> Problem details
Could you write out the lines below exactly, beginning with the first and finishing with the one that contains "Ежегодный отчет по"?
(Beginning of Task input)
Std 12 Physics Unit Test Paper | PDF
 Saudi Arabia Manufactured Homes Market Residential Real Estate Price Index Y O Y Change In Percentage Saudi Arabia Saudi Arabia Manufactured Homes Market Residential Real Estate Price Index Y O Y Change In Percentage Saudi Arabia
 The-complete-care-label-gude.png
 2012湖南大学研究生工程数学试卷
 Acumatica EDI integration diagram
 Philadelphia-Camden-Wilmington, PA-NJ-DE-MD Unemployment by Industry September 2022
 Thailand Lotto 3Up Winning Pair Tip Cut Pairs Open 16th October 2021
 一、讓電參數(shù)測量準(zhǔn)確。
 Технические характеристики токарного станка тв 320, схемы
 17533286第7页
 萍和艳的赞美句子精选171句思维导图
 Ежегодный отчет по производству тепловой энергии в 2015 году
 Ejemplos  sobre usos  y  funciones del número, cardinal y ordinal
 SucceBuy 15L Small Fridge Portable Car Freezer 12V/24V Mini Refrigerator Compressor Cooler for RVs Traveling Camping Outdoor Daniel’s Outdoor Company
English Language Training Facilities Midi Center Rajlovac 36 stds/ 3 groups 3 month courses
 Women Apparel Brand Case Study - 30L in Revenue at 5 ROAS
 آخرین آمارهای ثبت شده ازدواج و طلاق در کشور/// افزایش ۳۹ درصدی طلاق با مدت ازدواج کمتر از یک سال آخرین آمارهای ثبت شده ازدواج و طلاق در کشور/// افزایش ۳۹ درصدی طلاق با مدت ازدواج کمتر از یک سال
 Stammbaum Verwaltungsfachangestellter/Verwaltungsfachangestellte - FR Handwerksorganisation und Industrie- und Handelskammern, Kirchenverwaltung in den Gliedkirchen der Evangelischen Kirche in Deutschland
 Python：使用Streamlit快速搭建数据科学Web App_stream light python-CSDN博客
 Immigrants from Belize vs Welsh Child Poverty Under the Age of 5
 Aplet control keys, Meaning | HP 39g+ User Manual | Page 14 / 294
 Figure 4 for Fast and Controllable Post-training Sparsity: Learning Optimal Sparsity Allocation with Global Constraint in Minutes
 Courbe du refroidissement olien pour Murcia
(End of Task input)
> Response
Std 12 Physics Unit Test Paper | PDF
 Saudi Arabia Manufactured Homes Market Residential Real Estate Price Index Y O Y Change In Percentage Saudi Arabia Saudi Arabia Manufactured Homes Market Residential Real Estate Price Index Y O Y Change In Percentage Saudi Arabia
 The-complete-care-label-gude.png
 2012湖南大学研究生工程数学试卷
 Acumatica EDI integration diagram
 Philadelphia-Camden-Wilmington, PA-NJ-DE-MD Unemployment by Industry September 2022
 Thailand Lotto 3Up Winning Pair Tip Cut Pairs Open 16th October 2021
 一、讓電參數(shù)測量準(zhǔn)確。
 Технические характеристики токарного станка тв 320, схемы
 17533286第7页
 萍和艳的赞美句子精选171句思维导图
 Ежегодный отчет по производству тепловой энергии в 2015 году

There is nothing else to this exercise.